HOW TO COMPLETE THIS TASK: Your task is to copy the lines of the data below from the line holding "Coffee table in" through the line holding "小型對(duì)輥破碎機(j", inclusive, exactly and with nothing added.

___ RECORDED INFORMATION ___

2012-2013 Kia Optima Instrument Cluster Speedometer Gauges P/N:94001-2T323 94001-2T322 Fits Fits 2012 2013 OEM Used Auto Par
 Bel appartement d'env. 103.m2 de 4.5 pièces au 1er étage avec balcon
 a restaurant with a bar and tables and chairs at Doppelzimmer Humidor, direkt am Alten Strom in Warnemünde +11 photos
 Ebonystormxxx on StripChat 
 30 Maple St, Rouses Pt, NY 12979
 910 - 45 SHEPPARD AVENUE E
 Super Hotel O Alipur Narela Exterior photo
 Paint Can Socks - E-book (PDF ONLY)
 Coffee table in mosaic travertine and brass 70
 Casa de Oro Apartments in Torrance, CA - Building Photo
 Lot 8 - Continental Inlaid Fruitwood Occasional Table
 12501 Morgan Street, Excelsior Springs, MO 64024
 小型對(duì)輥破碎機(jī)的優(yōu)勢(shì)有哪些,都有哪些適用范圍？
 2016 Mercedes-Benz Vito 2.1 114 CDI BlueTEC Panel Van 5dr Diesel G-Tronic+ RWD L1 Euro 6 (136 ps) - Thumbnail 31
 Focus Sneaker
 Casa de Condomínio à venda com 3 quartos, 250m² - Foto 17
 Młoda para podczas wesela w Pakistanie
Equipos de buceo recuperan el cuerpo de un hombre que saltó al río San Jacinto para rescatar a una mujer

___

WRITTEN RESPONSE:
 Coffee table in mosaic travertine and brass 70
 Casa de Oro Apartments in Torrance, CA - Building Photo
 Lot 8 - Continental Inlaid Fruitwood Occasional Table
 12501 Morgan Street, Excelsior Springs, MO 64024
 小型對(duì)輥破碎機(jī)的優(yōu)勢(shì)有哪些,都有哪些適用范圍？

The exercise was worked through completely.